I think it should be possible, perhaps with some modifications to the code…
To frame the problem:
100RPM on a 11PP motor results in a 18.3Hz sine wave, 10000RPM would therefore be 1.8kHz.

The higher the pole count, the more electrical revolutions per physical revolution, and the higher the desired rotation speed of the motor, the more electrical revolutions (=sine waves) need to be generated per second.

10000RPM is fast for FOC control, don’t know if you need FOC for this use case. For open loop, 10kRPM is possible on a fast MCU. To get smooth sine output you might need to increase the PWM frequency somewhat, but we support 100kHz or even more on some MCU types.

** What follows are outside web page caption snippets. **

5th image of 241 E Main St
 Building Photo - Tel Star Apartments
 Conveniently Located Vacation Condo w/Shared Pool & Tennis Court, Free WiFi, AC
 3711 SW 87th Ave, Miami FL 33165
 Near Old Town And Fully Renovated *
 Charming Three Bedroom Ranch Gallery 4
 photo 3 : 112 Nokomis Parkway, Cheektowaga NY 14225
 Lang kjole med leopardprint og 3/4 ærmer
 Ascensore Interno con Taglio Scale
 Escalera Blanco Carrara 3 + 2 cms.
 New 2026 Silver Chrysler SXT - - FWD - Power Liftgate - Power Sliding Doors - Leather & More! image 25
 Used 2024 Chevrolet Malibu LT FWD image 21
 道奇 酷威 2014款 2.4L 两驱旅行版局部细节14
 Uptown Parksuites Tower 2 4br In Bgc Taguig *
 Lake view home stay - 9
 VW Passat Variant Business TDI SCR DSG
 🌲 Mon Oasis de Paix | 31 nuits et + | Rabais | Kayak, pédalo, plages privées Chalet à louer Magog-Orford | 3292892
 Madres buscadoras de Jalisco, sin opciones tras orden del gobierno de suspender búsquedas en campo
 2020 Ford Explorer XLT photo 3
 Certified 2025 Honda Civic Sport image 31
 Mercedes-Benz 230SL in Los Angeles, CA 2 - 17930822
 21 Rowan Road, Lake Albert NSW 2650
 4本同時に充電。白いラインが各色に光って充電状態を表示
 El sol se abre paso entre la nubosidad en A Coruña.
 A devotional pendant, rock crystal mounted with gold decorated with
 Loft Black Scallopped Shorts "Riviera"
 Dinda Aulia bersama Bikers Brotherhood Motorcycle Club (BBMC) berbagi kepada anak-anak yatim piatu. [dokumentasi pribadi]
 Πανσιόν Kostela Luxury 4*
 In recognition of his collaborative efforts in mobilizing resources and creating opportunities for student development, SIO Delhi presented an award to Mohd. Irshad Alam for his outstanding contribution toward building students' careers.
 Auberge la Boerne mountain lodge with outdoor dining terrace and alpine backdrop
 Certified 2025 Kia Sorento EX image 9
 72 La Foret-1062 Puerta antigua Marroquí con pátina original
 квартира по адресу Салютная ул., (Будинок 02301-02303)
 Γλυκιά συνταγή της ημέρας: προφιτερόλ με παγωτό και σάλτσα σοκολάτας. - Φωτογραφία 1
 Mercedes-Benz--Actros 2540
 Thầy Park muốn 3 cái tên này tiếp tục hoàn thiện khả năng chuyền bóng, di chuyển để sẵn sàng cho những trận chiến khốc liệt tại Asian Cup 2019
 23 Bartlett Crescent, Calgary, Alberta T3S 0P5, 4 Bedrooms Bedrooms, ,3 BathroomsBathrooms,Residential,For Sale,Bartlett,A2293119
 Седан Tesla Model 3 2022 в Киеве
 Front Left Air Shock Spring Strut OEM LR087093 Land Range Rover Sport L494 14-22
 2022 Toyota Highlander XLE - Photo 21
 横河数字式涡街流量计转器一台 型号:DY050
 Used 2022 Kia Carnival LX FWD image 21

Your driver hardware’s power stage will then also have to be able to switch 20A at the high frequency, which can be a challenge, but is achievable I would say.

Thanks for that info. I’m going to look thru specs on the high performance boards.

Can you help me understand the math? I’m guessing PP means pole pair? So I’m guessing that reach pole pair rotation constitutes a single wave cycle … So it’s (100/60)*11?

The math works but I’m not sure about my fundamental assumptions.

In my case, there aren’t physical magnet poles … But I’m thinking the coils constitute poles in this Eddy current induction approach.

So, more coil pairs … say 22… Would mean a 100rpm motor would be (100/60)*22 or 36.6 Hz?

So, I could lower the necessary switching frequency of the controller by decreasing the coil count at an equivalent rpm? (100/60)*9…?


I was doing the reverse calculation, like you derived:

100RPM = 1.666 rotations per second

On a BLDC, the number of pole pairs determines the number of electrical revolutions per physical revolution. Each electrical revolution is one full sine wave in the commutation, phase shifted by 120° on the different motor phases, but still one sine wave, e.g. 360° of “electrical angle”.

So 11 pole pairs, chosen randomly for the example, means 11 electrical revolutions per physical revolution, and 11 full sine waves per physical revolution.

So 11 (sine waves/revolution) x 1.6666 (revolutions/s) = 18.33 sine waves / s, or Hz.

So this means if you set SimpleFOC up to use 11PP and open loop angle mode, and then set the speed to about 10.4 rad/s (=1.66 RPS), you should get sine waves at 18.33Hz as output.

For your motor, I don’t know enough about it to say whether it has an equivalent of pole-pairs, or how this works. I think I have to read up on it.
But if you know the type of control output you need, we can work out how to configure (or “hack”) SimpleFOC to produce it.